MPOWER has a minimum loan amount of $2,001 and a maximum loan of $50,000, over two academic terms. Prodigy’s minimum loan amount is $15,000 per academic year, while its maximum loan amount is the cost of attendance set by the institution; Prodigy’s maximum lifetime limit for student loans is $220,000. MPOWER’s average loan amount is about $20,000 per year, while Prodigy’s is $40,000.
As for where students go after they graduate, “the model has been built to take that into consideration, so we consider where the student ends up,” said Joel Frisch, the head of Americas for Prodigy. “We do find that about two-thirds of our students return to their home country, although we track that over a five-year period of time.”

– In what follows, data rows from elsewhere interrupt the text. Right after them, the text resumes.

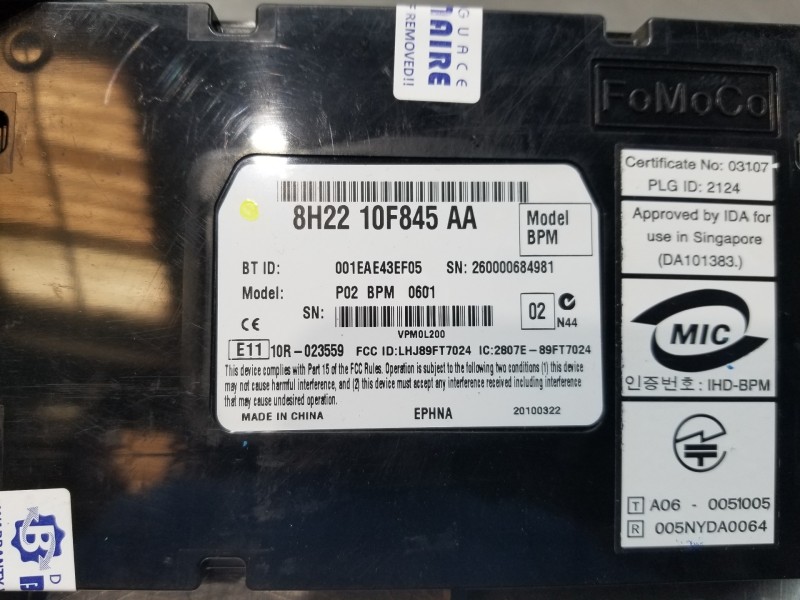 Recambio de modulo electronico para land rover range rover sport ls referencia OEM IAM 8H2210F845AA V 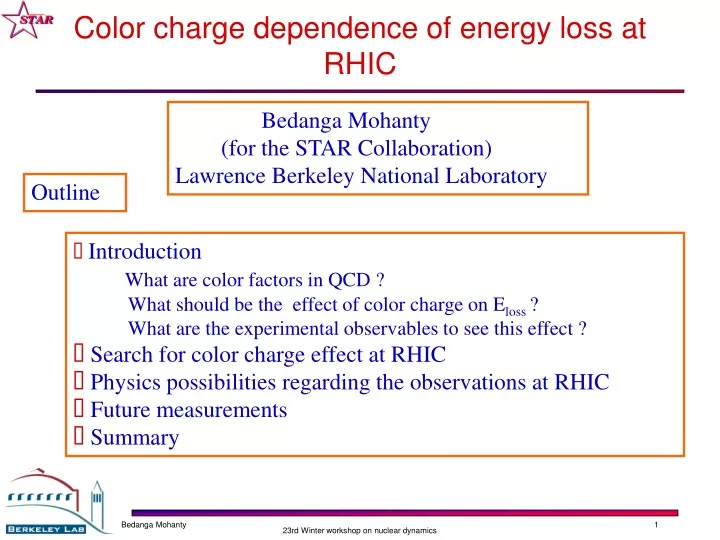 color charge dependence of energy loss at rhic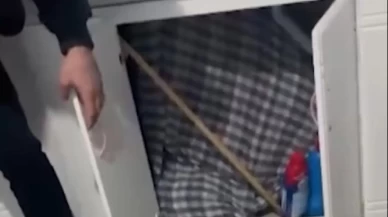 Firari hükümlü mutfak dolabından çıktı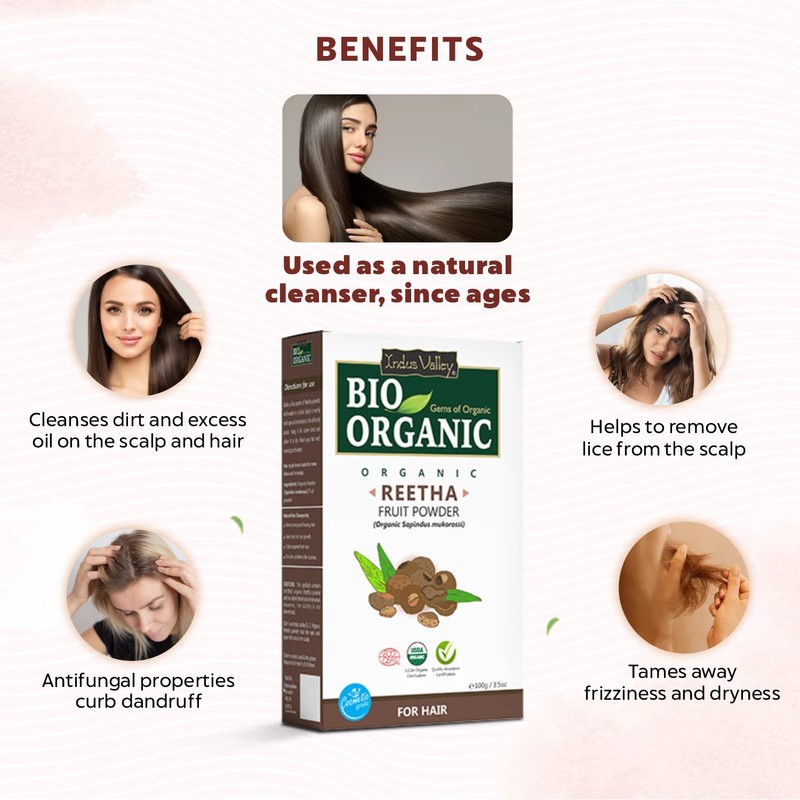 Indus Valley Organic organic powder (reetha)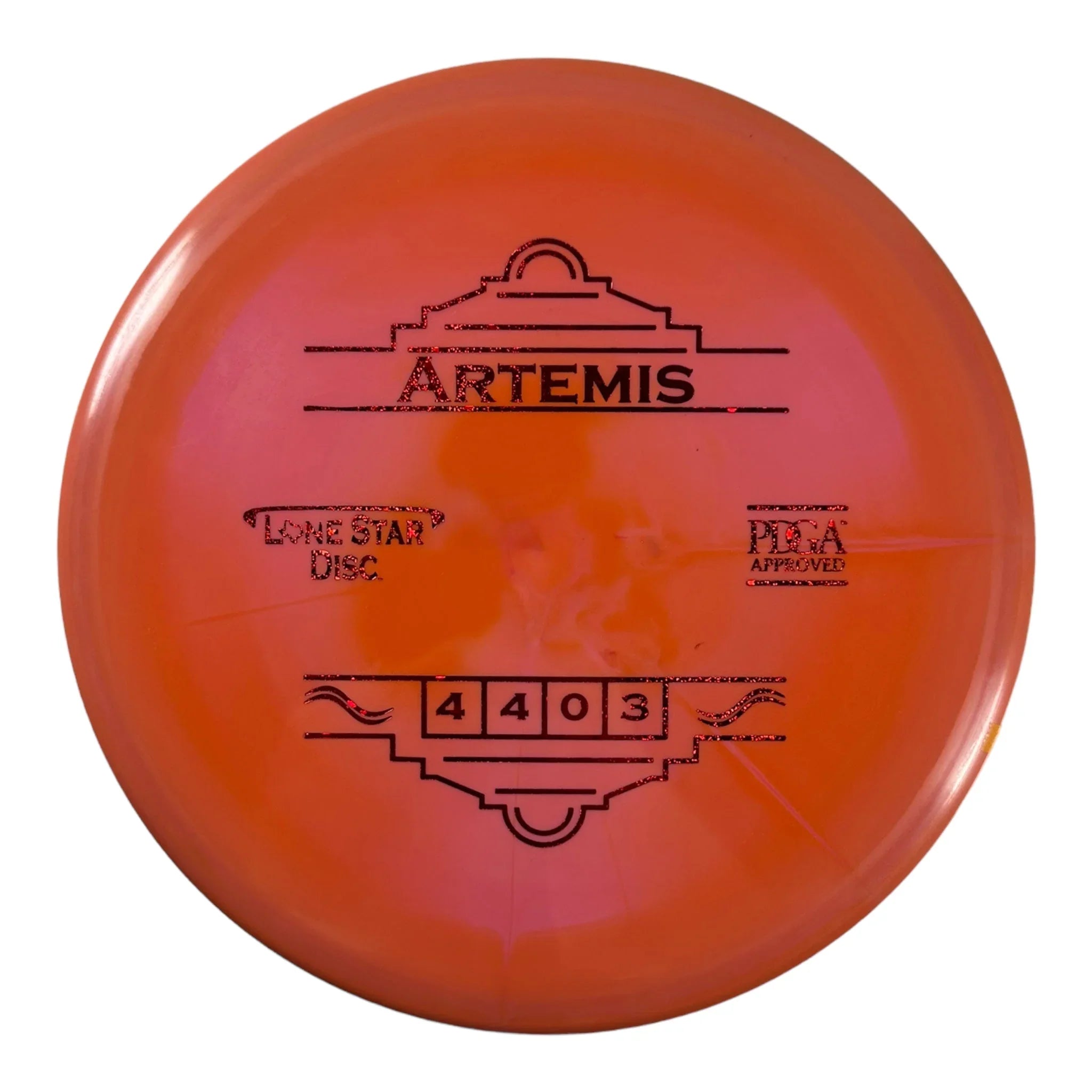 Lone Star Disc Artemis | Bravo | Orange/Red 171g Disc Golf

At MPOWER, Smadja said about 80 percent of borrowers end up staying in the country where they study.
Both companies are young and don't have a lot of years of data behind them. MPOWER was founded in 2014 and has issued more than 3,000 loans to date, according to Smadja. Prodigy was founded in 2007 and had issued about 15,000 loans through the start of August. Frisch said the company expected to issue approximately another 8,000 loans this academic year.
Brendan Cantwell, an associate professor in the department of educational administration at Michigan State University whose research focuses on higher education organization, finance and comparative higher education, said the lending model raises questions for him about financing for talented students coming from abroad.
“If this is a boutique sort of individualized industry linking investors to individual students who need capital to either stay in school or integrate socially in the country and these are people who are likely immigrants and likely contributors to the country, then I think there are two ways to think about that,” Cantwell said. “I think of people who are advocates of capital markets in education [who would say] this is solving an important social problem with benefits to the individual and to the country who's ultimately going to benefit from the presence of this person, and we’re privatizing the risk: this is a great example of the way markets solve social problems.”
“Another way to think about it, and probably the way I am more attuned to thinking about it -- but it’s certainly not the capital-T Truth -- is this reflects a public policy failure, that we are in a sense passively demanding talent whom we rely on to be our doctors and our engineers and our businesspeople from abroad and yet we are unwilling to create a policy frame that will allow them to be stable or live decently.
“It’s a pay-to-play situation,” he added. “You’ve got to be able to pay these really high interest rates to play, and yes, the individual student can benefit, maybe ends up staying in this country, maybe ends up with a great-paying job and it may be worth it to them individually. But the question is, is this the way we as a country want to integrate and support high-skilled immigrants?”